PROVIDED MATERIAL:
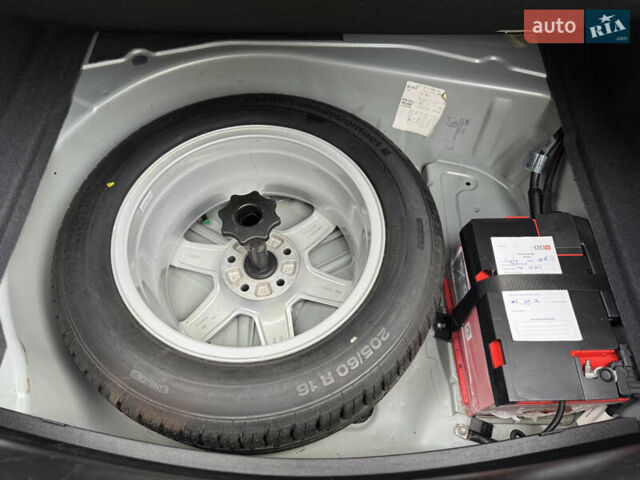 Сірий Ауді А6, об'ємом двигуна 2 л та пробігом 240 тис. км за 8700 $, фото 33 на Automoto.ua
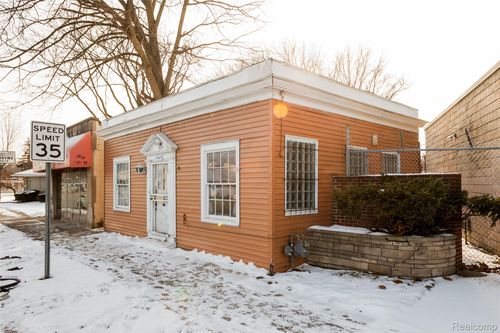 19019 Grand River Ave, Detroit, MI, 48223-1702 | Card Image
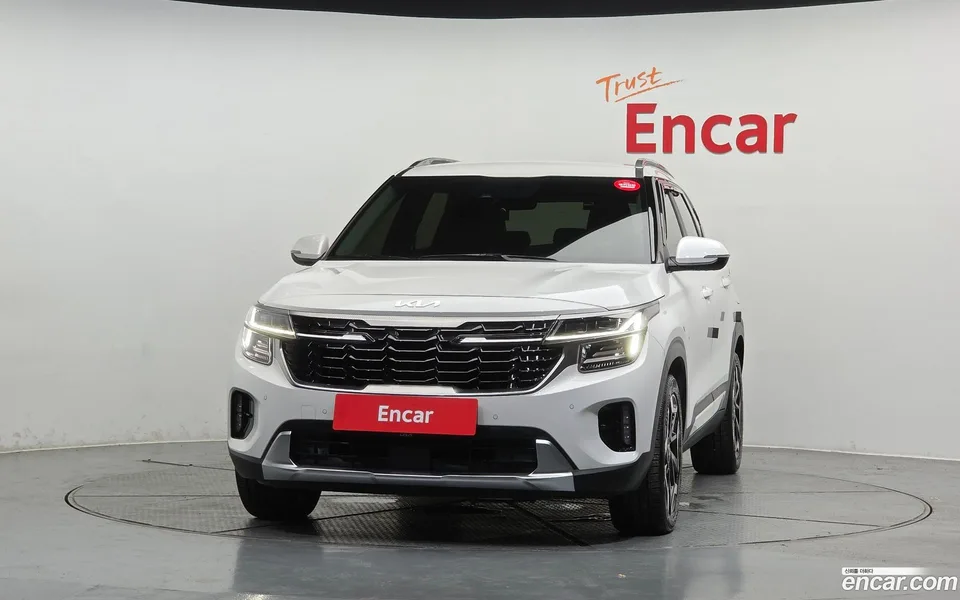 Kia Seltos 1.6 4WD 2023 — thumbnail 3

AIM OF THE TASK: When you set down the material above, keep every word exact and include no pictures.

EXERCISE RESPONSE:
 Сірий Ауді А6, об'ємом двигуна 2 л та пробігом 240 тис. км за 8700 $, фото 33 на Automoto.ua
 19019 Grand River Ave, Detroit, MI, 48223-1702 | Card Image
 Kia Seltos 1.6 4WD 2023 — thumbnail 3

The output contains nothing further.